__ABOUT THIS EXERCISE__. Return the records, each one exactly as written.

----

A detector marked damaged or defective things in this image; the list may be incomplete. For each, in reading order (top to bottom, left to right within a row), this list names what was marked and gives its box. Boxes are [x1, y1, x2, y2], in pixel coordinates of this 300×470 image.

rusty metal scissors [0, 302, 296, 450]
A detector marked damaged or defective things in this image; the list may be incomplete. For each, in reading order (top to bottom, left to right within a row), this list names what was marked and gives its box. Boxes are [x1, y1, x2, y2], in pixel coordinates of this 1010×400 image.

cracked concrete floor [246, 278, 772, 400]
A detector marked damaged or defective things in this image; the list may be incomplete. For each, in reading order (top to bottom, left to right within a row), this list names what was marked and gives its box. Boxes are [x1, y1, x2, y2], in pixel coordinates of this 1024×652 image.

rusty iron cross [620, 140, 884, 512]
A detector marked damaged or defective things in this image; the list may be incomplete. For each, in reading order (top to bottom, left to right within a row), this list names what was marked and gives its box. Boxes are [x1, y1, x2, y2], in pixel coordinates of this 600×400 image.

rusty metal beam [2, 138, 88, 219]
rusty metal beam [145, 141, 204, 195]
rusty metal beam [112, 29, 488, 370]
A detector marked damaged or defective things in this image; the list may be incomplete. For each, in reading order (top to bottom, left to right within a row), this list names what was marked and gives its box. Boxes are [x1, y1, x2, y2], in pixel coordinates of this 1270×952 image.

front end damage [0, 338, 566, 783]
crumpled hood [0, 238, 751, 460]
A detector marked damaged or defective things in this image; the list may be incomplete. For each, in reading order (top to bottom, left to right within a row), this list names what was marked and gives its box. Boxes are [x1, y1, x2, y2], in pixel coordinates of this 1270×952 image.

----

__TASK RESULT__.
A detector marked damaged or defective things in this image; the list may be incomplete. For each, in reading order (top to bottom, left to right within a row), this list names what was marked and gives its box. Boxes are [x1, y1, x2, y2], in pixel coordinates of this 300×470 image.

rusty metal scissors [0, 302, 296, 450]
A detector marked damaged or defective things in this image; the list may be incomplete. For each, in reading order (top to bottom, left to right within a row), this list names what was marked and gives its box. Boxes are [x1, y1, x2, y2], in pixel coordinates of this 1010×400 image.

cracked concrete floor [246, 278, 772, 400]
A detector marked damaged or defective things in this image; the list may be incomplete. For each, in reading order (top to bottom, left to right within a row), this list names what was marked and gives its box. Boxes are [x1, y1, x2, y2], in pixel coordinates of this 1024×652 image.

rusty iron cross [620, 140, 884, 512]
A detector marked damaged or defective things in this image; the list may be incomplete. For each, in reading order (top to bottom, left to right within a row), this list names what was marked and gives its box. Boxes are [x1, y1, x2, y2], in pixel coordinates of this 600×400 image.

rusty metal beam [2, 138, 88, 219]
rusty metal beam [145, 141, 204, 195]
rusty metal beam [112, 29, 488, 370]
A detector marked damaged or defective things in this image; the list may be incomplete. For each, in reading order (top to bottom, left to right within a row), this list names what was marked and gives its box. Boxes are [x1, y1, x2, y2], in pixel coordinates of this 1270×952 image.

front end damage [0, 338, 566, 783]
crumpled hood [0, 238, 751, 460]
A detector marked damaged or defective things in this image; the list may be incomplete. For each, in reading order (top to bottom, left to right within a row), this list names what was marked and gives its box. Boxes are [x1, y1, x2, y2], in pixel coordinates of this 1270×952 image.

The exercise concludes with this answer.